Who should wait longer (up to 1–2 weeks)? Those with lingering tenderness/spotting, more extensive internal treatment, anticoagulant use with bruising, or a history of micro-tears at the entrance. Anyone with infection signs or new post-menopausal bleeding should pause and seek review before any intimacy.
Next steps in practice. Keep cleansing gentle (lukewarm water; bland emollient as a soap substitute), schedule a moisturiser, and choose a lubricant that suits your needs—water-based (versatile/condom-friendly) or silicone-based (longest glide). Resume gradually, prioritise comfort signals, and book a follow-up to fine-tune placement, technique and pacing.
Evidence-Based Approaches
Patient-friendly basics: The NHS explains symptoms, self-care and red flags for vaginal dryness, reinforcing lubricant/moisturiser first principles and when to seek help.
Guideline framing (UK): The NICE Menopause Guideline (NG23) recommends offering information on vaginal moisturisers and lubricants and considering low-dose local vaginal oestrogen when GSM affects quality of life; local options can be used with or without HRT.

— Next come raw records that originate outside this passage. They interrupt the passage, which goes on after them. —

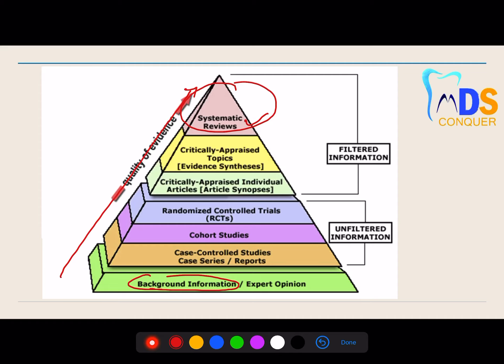At the bottom of the triangle is background information and expert opinion — opinions from experienced teachers or professionals — considered the least weighted evidence. Followed by case control studies, case series reports, then cohort studies, then randomized controlled trials, then critical appraisal articles, and finally at the very top are systematic reviews and meta-analyses. If you want to elaborate, write one point about each and code them. These two — the triad and the triangle of evidence-based dentistry — are the most important components.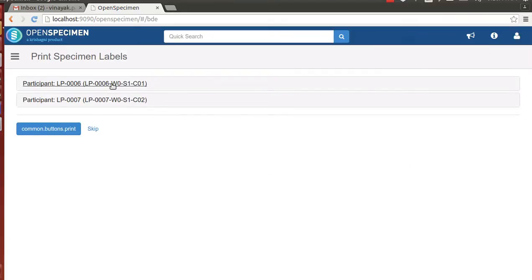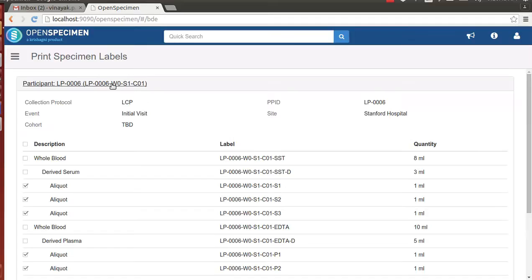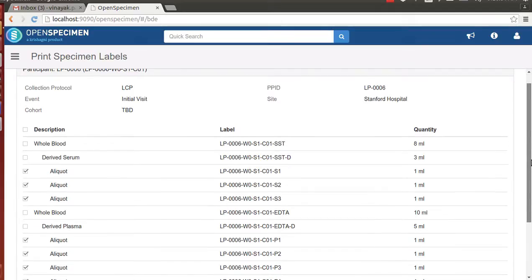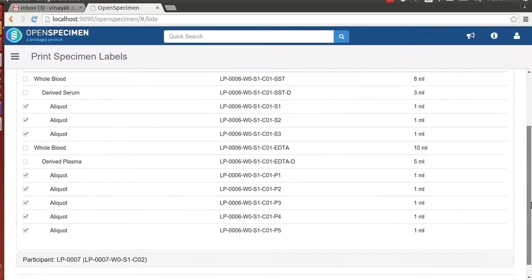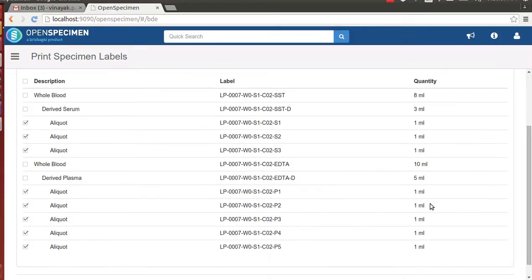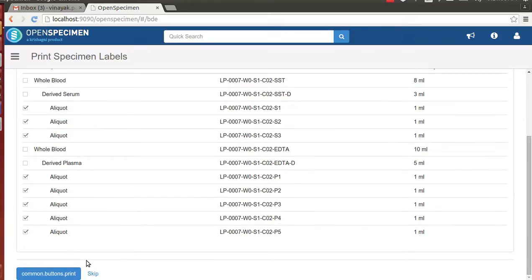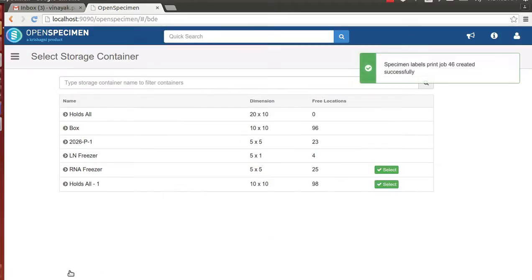Now here, the technician has an option to print the aliquot labels. By default, all aliquot labels are selected and will be queued for printing. The technician reviews this screen for each of the patient visits and submits to queue the label printing job.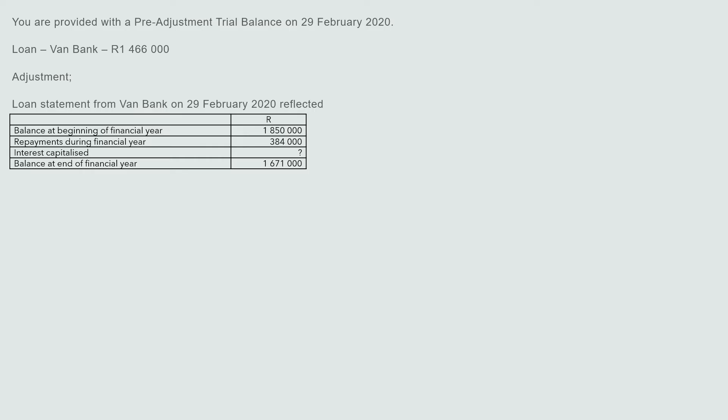On 29 February 2020, the trial balance shows a loan from Van Bank of one million four hundred and sixty-six thousand. This is the closing balance, because you've been making monthly repayments, which reduce and update your loan balance. This is the closing balance according to your trial balance on that day.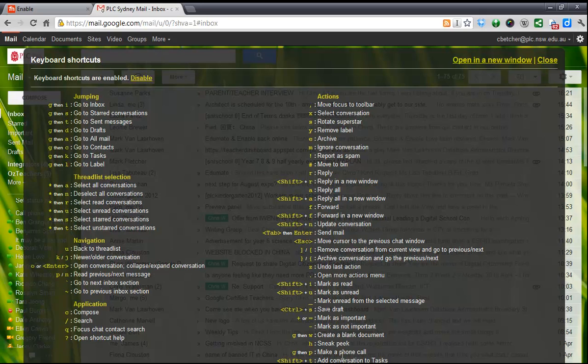I don't know too many people that use all of them, but I know lots of people who find one or two that really make life easy for them and they just use them all the time. So anyway, that's keyboard shortcuts—make the most of them.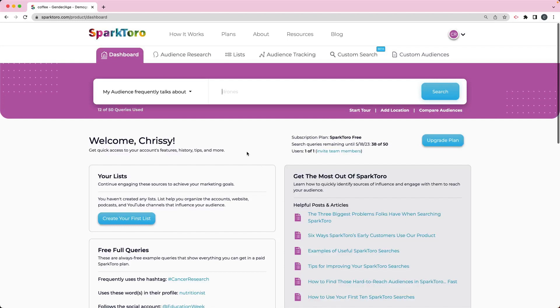Hello. In this video, I'm going to show you a tool called SparkToro. You can get to it at s-p-a-r-k-t-o-r-o.com.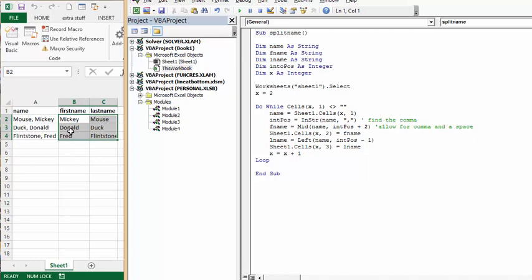And there you have Mickey and Mouse, Donald and Duck, Fred and Flintstone. So that's an easy way to divide your first and last names using VBA. Please subscribe.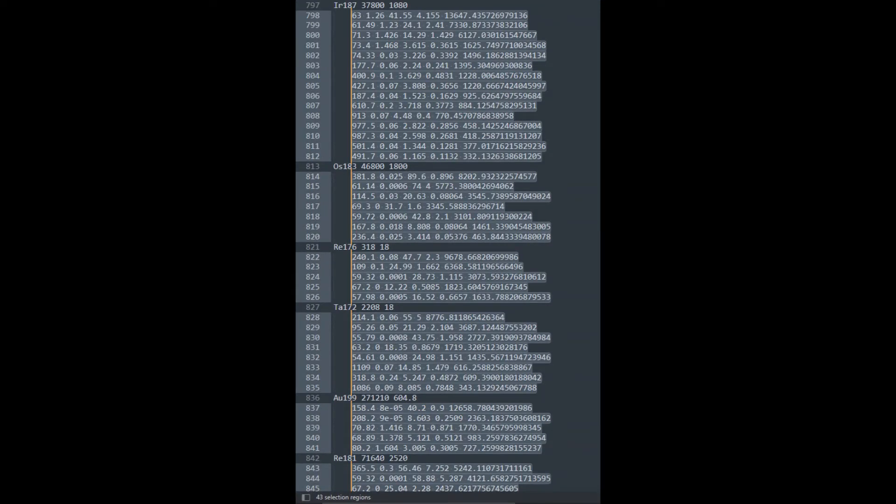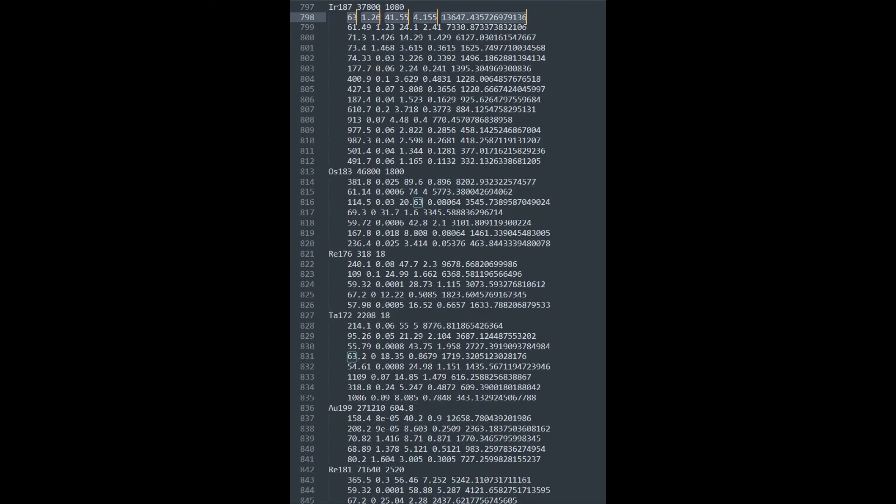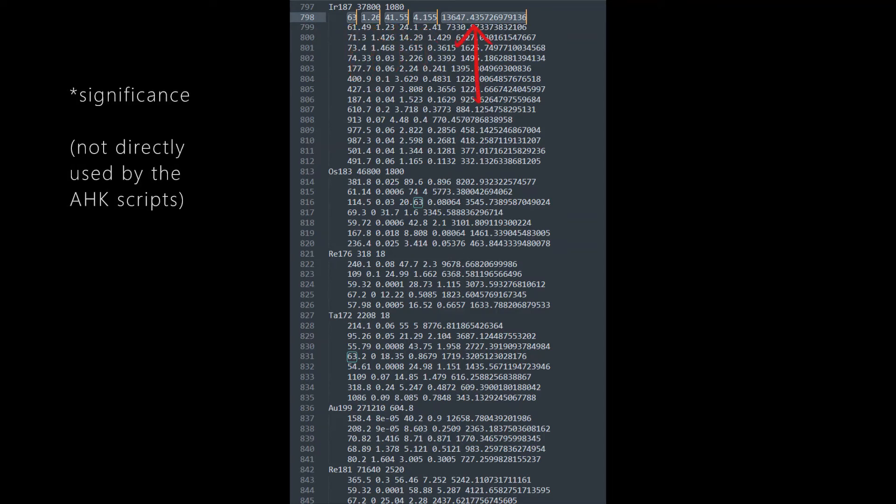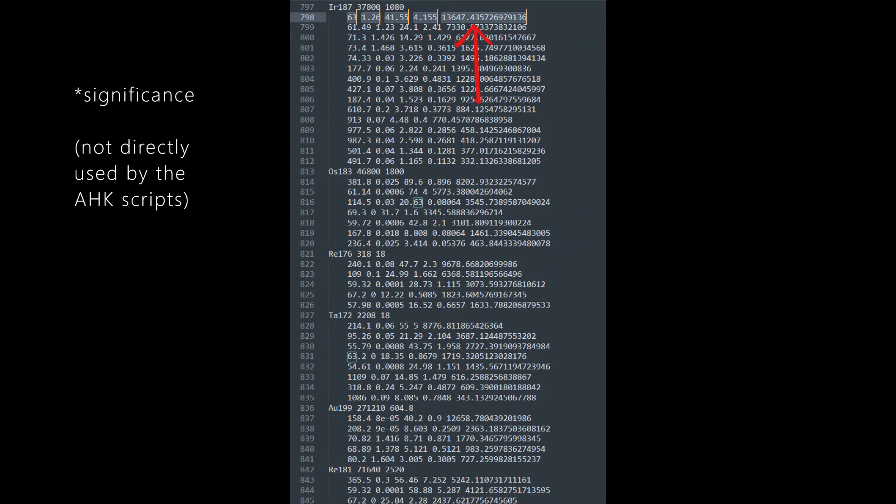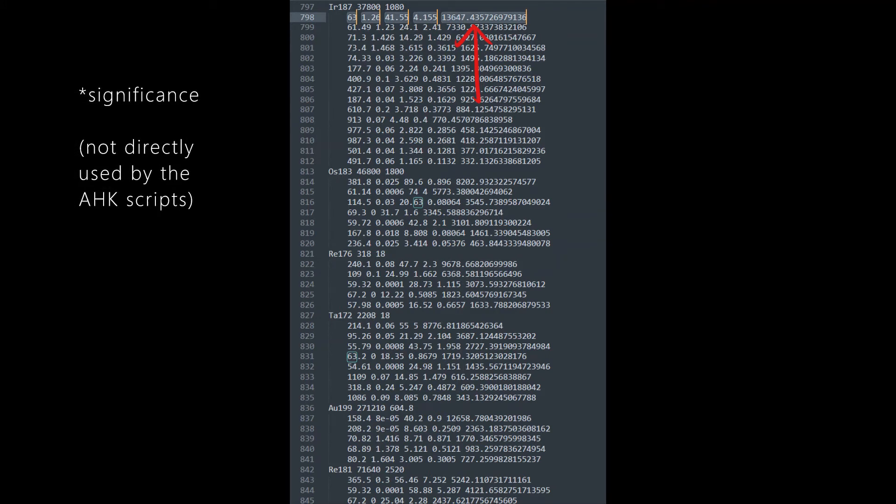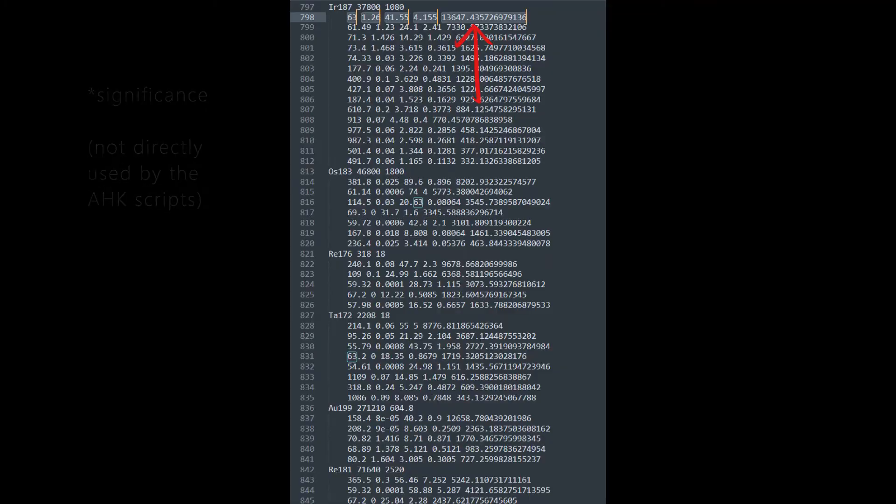Each of these highlighted lines represent a gamma line. Specifically, its energy, uncertainty on energy, abundance, and uncertainty on abundance. The fifth number is a number that I call significance, which I'll come back to later. This won't be entered into the nuclide library editor.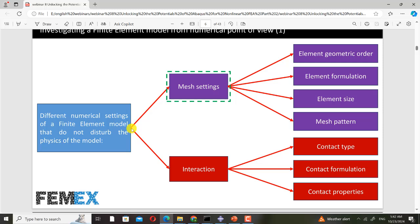Now let me talk about different numerical settings of a finite element model that do not disturb its physics. For mesh settings, we have element geometric order — first order or second order — element formulation such as reduced integration, full integration, hybrid, or incompatible mode, element size, and mesh pattern, which can be mapped or unmapped. We will talk about all of them later.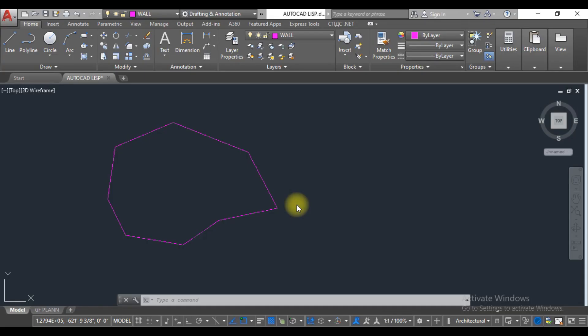Hello viewers, welcome to SRK Studio. I hope you are doing well. In this video, we are going to learn how we can find out coordinates in AutoCAD through the list command and export those coordinates to Excel.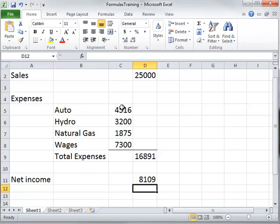So there are a couple fairly simple formulas you can use in Excel. Usually in income statements or balance sheets, it's just adding numbers or subtracting numbers, and those are a couple of ways to do that.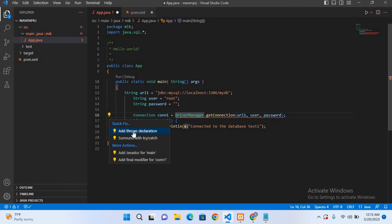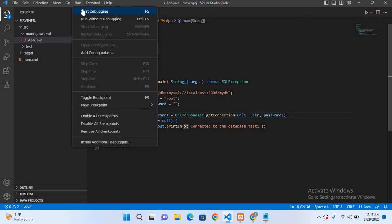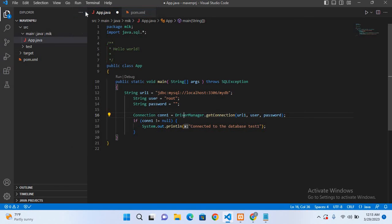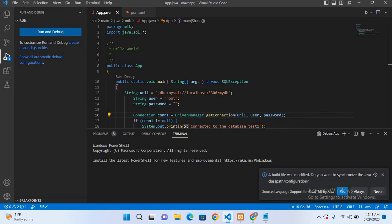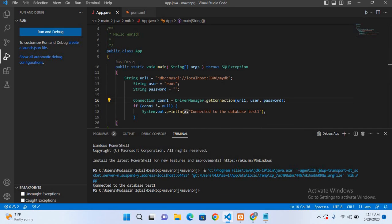So now I'll go to this Run and Start Debugging and I'll select yes here. Now you can see here connected to the database test one.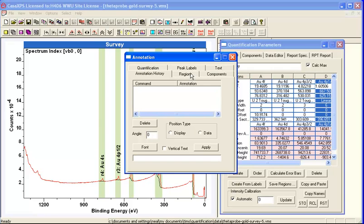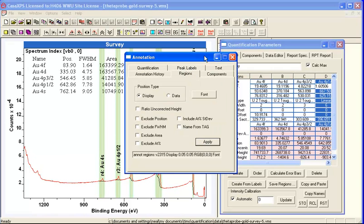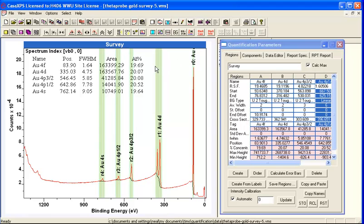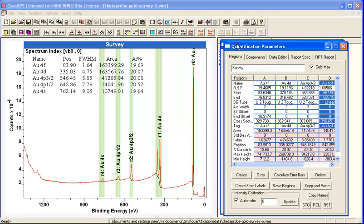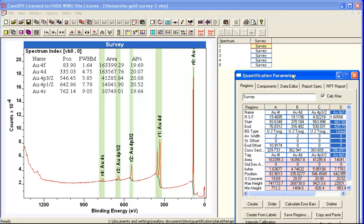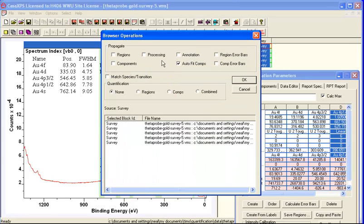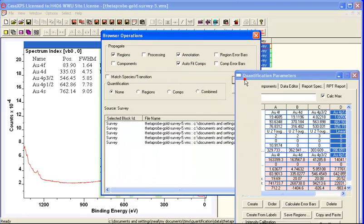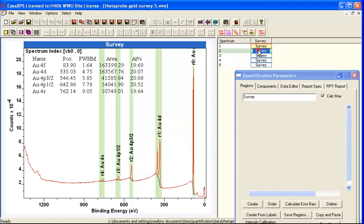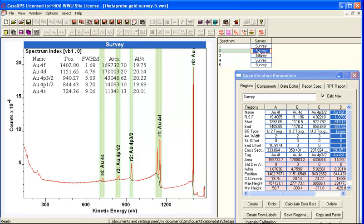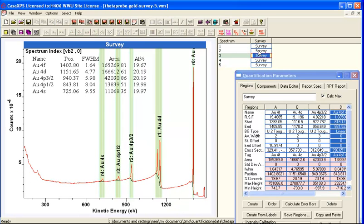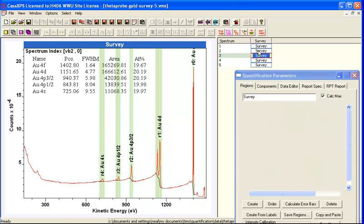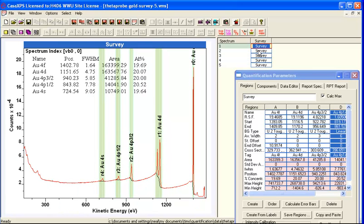And when this is performed, we end up with an atomic concentration calculation, in this case actually percent area. I'll just propagate this to the other blocks in this list. So we're looking at the same data, but this time quantified using the escape depth corrected RSFs rather than the raw Schofield and the first order approximation of energy raised to the minus 0.6.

Device oversight: UK expectations around intended use, vigilance and safety reporting for medical devices are outlined by the national regulator; see the MHRA medical devices pages, which underpin prudent aftercare and red-flag advice after energy-based treatments.
Effectiveness benchmarks: Comparative evidence summarised by the Cochrane Library shows local vaginal oestrogens improve dryness, soreness, dyspareunia and pH versus placebo; this provides context for continuing biology support as procedures settle.
Pathophysiology & placement: Peer-reviewed overviews indexed on PubMed describe GSM mechanisms (thinner epithelium, higher pH, reduced lactobacilli) and support vestibule-aware placement and stepwise resumption of sex to minimise micro-tears.